She proceeded to dismantle various items of the machine’s intestines, but remained silent. I mentioned that I was becoming a little frustrated by the fact that everything seems to be broken these days. No reply. I suggested that the machine might have been on the gin again. Still no reply. She opened a different pot containing lots of banknotes, the top one of which was probably mine because it had a light crease down the middle where it had been folded in my pocket. She remained not only silent, but as inscrutable as the machine.

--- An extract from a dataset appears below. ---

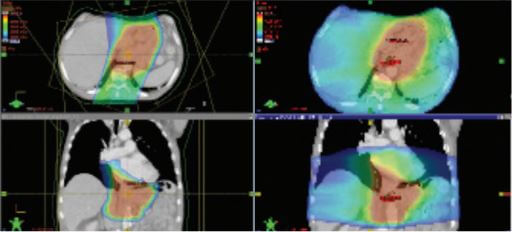 proton therapy for esophageal cancer versus photon radiation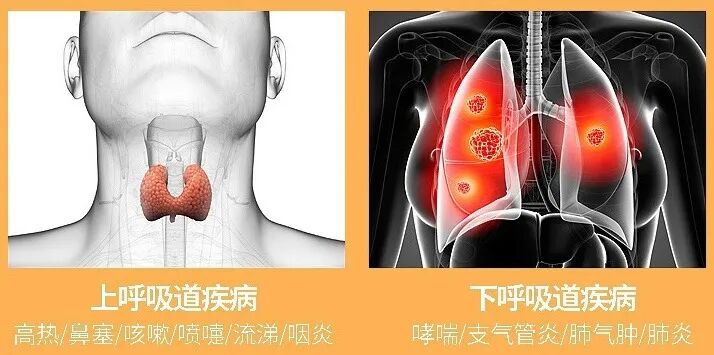 医用口含雾化器怎么用宝宝咳嗽痰多，雾化缓解咳嗽也太快了吧！_https://www.jmylbn.com_新闻资讯_第4张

She faffed and firked with the machine’s innards. She pressed button after button on the screen. She began to frown and look bewildered. Eventually she took out a note and coins to the value of £10.80 and instructed the lackey to put my shopping through another till. Said lackey emptied my bag and scanned the contents through a different, and presumably stone cold sober, machine, and replaced the items in my bag. (I was a little concerned that my bag was of the Sainsbury’s variety, not Tesco. I asked her whether she was afraid of developing a rash if she touched it. She smiled and said something unintelligible and then the matter was concluded. She handed me the bag of shopping and a receipt which I presumed amounted to permission to leave the store.

She speaks!
~ Bride of Frankenstein 1935

I touched the manager’s arm and said ‘thank you for your efforts’ just because I’m nice like that. ‘You’re welcome,’ she replied. She might have said ‘sorry about the trouble; thank you for your patience’ (because the whole episode had taken around 15 constantly ticking minutes), but she didn’t. This is the corporate world we’re dealing with, so maybe that’s not so surprising.

I walked out of the store half expecting to be apprehended by security, but there was no security visible. I expect it’s an economy measure. Or maybe the payroll program is broken and he’s got another job which pays cash. Who can tell?